▶ [Action item] Among the entries below, one stretch runs from the line that contains "Click on the" through the line that contains "The first page". Repeat that stretch exactly, ends included, and only that.

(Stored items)
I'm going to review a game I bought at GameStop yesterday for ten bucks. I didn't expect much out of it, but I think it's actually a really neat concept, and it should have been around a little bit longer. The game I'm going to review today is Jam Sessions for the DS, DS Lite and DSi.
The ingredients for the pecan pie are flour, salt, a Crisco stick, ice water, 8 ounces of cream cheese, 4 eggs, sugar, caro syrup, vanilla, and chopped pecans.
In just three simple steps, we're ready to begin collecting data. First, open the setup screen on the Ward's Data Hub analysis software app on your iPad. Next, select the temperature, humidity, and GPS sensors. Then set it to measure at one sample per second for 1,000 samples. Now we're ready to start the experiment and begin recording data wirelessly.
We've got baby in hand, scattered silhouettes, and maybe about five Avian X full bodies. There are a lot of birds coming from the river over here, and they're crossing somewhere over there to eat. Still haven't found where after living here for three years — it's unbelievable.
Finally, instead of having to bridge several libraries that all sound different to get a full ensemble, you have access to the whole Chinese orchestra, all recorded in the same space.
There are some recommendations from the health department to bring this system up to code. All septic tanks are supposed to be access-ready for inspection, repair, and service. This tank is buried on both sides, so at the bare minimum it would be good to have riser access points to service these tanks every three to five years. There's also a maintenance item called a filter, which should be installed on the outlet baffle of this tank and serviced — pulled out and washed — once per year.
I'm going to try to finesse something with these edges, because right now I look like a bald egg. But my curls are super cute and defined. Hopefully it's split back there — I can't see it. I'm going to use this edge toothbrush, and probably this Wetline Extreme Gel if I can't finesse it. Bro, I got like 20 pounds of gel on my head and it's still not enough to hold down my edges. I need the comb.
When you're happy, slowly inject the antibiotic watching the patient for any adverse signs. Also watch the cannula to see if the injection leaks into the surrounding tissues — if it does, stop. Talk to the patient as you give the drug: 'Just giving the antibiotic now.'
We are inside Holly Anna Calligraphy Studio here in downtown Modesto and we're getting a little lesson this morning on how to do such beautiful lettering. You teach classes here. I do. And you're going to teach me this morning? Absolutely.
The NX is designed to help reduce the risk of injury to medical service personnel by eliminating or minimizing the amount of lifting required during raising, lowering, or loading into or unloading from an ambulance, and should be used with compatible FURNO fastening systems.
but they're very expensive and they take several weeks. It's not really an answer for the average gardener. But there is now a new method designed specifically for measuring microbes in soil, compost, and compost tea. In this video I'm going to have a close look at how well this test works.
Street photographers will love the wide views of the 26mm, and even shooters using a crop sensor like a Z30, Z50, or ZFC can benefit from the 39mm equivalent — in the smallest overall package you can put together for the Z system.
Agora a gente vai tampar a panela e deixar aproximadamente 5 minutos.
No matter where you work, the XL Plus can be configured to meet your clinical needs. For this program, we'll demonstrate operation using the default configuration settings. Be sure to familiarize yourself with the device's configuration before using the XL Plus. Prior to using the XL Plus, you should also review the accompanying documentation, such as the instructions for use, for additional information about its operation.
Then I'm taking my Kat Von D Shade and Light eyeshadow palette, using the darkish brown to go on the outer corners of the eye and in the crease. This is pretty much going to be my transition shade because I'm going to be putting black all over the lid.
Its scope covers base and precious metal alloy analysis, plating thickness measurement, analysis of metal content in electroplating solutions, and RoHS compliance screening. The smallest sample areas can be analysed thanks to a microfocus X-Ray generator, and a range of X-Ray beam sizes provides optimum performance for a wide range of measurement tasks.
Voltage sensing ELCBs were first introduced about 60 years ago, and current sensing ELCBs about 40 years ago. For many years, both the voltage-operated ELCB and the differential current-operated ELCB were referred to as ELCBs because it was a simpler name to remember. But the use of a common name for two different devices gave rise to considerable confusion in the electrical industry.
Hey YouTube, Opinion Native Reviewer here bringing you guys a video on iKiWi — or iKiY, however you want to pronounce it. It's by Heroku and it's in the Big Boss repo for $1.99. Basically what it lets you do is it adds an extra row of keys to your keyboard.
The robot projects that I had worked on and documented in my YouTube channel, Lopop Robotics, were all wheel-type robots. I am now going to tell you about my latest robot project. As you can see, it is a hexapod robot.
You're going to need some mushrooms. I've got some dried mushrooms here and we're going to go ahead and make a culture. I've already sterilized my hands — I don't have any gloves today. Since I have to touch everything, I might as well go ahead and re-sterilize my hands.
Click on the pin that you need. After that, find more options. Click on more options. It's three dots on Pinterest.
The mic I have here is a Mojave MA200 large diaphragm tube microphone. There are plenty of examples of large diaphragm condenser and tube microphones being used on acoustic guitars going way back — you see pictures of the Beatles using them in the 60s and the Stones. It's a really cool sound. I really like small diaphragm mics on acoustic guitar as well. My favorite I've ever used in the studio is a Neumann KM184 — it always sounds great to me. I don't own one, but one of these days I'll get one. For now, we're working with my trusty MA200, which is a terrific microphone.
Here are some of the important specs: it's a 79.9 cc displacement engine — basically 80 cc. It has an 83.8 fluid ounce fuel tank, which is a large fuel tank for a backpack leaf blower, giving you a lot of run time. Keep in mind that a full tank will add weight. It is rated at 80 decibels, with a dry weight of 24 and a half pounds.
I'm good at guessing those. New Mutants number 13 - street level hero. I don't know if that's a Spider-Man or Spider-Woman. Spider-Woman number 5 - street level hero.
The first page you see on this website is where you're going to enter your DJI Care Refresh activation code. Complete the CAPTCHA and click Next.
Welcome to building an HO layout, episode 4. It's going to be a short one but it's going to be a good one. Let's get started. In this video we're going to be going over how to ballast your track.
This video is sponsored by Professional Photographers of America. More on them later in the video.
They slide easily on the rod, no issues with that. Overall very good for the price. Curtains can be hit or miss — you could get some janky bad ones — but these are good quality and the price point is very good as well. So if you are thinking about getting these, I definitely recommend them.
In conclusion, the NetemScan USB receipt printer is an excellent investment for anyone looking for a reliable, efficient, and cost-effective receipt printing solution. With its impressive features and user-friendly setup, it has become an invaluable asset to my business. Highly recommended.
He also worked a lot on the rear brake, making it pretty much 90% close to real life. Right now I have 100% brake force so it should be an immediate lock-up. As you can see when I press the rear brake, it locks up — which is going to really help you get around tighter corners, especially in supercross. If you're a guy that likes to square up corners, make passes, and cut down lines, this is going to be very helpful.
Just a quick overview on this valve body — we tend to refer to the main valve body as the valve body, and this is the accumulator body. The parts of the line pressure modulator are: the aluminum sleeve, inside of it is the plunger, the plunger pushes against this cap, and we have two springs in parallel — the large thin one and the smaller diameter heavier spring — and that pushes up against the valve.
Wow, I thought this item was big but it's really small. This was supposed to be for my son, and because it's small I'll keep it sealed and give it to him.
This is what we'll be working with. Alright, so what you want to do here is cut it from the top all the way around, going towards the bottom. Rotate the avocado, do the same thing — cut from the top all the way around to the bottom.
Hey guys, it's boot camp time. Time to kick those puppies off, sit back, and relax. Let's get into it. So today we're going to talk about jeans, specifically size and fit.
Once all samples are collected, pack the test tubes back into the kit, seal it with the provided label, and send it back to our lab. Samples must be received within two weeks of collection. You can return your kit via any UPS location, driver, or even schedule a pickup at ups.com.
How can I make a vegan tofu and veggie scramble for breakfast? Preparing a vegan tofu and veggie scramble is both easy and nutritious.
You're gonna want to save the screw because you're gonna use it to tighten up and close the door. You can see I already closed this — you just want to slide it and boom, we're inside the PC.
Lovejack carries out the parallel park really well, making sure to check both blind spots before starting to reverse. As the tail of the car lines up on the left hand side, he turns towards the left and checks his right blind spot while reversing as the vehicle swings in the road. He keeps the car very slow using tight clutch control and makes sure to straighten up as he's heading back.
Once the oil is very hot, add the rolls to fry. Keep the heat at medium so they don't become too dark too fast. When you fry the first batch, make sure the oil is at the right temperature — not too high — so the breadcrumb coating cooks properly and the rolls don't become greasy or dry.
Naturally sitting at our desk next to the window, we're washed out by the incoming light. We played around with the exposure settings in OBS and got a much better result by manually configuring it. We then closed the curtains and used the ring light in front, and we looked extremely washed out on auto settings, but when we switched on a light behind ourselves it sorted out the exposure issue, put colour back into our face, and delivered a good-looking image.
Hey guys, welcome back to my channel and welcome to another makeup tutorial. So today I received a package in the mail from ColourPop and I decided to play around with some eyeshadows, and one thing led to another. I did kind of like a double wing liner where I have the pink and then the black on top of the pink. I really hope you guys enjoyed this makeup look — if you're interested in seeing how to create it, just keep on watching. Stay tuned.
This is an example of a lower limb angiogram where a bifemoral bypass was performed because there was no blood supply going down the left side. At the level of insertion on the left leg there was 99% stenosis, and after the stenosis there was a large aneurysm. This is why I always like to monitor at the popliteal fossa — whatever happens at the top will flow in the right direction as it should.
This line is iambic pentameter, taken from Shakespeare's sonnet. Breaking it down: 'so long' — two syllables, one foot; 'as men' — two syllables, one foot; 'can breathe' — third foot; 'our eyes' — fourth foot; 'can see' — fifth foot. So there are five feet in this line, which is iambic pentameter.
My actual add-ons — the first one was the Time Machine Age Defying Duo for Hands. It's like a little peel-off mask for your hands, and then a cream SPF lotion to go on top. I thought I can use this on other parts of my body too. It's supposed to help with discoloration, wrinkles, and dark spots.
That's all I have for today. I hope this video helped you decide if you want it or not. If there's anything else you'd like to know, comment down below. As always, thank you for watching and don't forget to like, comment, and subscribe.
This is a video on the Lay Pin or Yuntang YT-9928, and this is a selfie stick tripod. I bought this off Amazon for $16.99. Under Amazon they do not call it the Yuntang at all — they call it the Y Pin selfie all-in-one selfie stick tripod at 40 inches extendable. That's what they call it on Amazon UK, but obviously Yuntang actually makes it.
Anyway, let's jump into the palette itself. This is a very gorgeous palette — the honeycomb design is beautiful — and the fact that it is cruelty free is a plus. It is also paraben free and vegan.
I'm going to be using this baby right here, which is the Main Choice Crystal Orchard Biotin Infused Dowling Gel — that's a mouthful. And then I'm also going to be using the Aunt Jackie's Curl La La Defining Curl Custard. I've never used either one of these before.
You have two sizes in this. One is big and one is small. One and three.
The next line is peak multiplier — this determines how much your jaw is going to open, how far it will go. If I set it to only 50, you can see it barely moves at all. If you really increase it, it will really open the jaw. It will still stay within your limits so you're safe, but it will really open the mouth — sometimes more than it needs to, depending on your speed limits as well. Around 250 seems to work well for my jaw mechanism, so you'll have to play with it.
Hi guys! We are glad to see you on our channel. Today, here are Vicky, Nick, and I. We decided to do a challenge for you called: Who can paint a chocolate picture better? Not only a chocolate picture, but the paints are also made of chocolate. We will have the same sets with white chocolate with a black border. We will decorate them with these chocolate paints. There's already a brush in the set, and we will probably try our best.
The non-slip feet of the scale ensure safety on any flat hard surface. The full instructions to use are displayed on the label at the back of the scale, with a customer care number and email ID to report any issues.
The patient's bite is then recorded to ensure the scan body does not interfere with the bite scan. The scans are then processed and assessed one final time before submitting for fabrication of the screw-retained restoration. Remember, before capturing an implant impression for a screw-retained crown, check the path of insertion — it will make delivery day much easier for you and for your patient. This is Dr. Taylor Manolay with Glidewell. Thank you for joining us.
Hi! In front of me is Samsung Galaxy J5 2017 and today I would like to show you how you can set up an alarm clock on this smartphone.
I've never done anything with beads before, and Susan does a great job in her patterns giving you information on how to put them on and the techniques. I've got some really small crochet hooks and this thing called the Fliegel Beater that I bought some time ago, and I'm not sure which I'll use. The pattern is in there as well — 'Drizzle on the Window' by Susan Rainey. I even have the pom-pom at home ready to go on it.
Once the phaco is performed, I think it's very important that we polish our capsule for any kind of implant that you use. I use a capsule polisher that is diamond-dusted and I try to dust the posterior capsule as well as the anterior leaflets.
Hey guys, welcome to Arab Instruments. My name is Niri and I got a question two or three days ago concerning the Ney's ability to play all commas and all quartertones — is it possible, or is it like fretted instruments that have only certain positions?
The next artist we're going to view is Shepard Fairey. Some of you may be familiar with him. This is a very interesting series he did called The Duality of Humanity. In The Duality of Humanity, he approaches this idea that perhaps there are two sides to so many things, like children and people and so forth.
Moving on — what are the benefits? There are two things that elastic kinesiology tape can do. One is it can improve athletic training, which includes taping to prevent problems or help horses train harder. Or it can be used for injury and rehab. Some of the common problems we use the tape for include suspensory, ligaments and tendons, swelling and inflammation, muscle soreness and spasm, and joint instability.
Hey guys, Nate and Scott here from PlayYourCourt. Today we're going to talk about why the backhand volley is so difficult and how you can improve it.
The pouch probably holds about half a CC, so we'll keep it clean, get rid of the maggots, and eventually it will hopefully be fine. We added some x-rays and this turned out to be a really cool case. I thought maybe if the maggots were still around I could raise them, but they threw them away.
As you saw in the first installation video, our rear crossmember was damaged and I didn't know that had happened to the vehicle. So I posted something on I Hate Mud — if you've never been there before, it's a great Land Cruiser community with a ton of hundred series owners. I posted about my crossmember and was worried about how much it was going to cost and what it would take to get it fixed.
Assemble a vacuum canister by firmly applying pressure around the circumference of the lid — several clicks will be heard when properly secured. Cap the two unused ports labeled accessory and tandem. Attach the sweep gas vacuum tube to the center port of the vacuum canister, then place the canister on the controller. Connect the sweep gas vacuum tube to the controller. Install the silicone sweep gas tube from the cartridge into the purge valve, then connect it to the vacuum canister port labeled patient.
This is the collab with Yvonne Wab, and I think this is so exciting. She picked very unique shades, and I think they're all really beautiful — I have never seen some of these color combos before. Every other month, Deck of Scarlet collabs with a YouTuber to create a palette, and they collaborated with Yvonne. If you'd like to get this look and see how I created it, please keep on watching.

▶ [Task solution]
Click on the pin that you need. After that, find more options. Click on more options. It's three dots on Pinterest.
The mic I have here is a Mojave MA200 large diaphragm tube microphone. There are plenty of examples of large diaphragm condenser and tube microphones being used on acoustic guitars going way back — you see pictures of the Beatles using them in the 60s and the Stones. It's a really cool sound. I really like small diaphragm mics on acoustic guitar as well. My favorite I've ever used in the studio is a Neumann KM184 — it always sounds great to me. I don't own one, but one of these days I'll get one. For now, we're working with my trusty MA200, which is a terrific microphone.
Here are some of the important specs: it's a 79.9 cc displacement engine — basically 80 cc. It has an 83.8 fluid ounce fuel tank, which is a large fuel tank for a backpack leaf blower, giving you a lot of run time. Keep in mind that a full tank will add weight. It is rated at 80 decibels, with a dry weight of 24 and a half pounds.
I'm good at guessing those. New Mutants number 13 - street level hero. I don't know if that's a Spider-Man or Spider-Woman. Spider-Woman number 5 - street level hero.
The first page you see on this website is where you're going to enter your DJI Care Refresh activation code. Complete the CAPTCHA and click Next.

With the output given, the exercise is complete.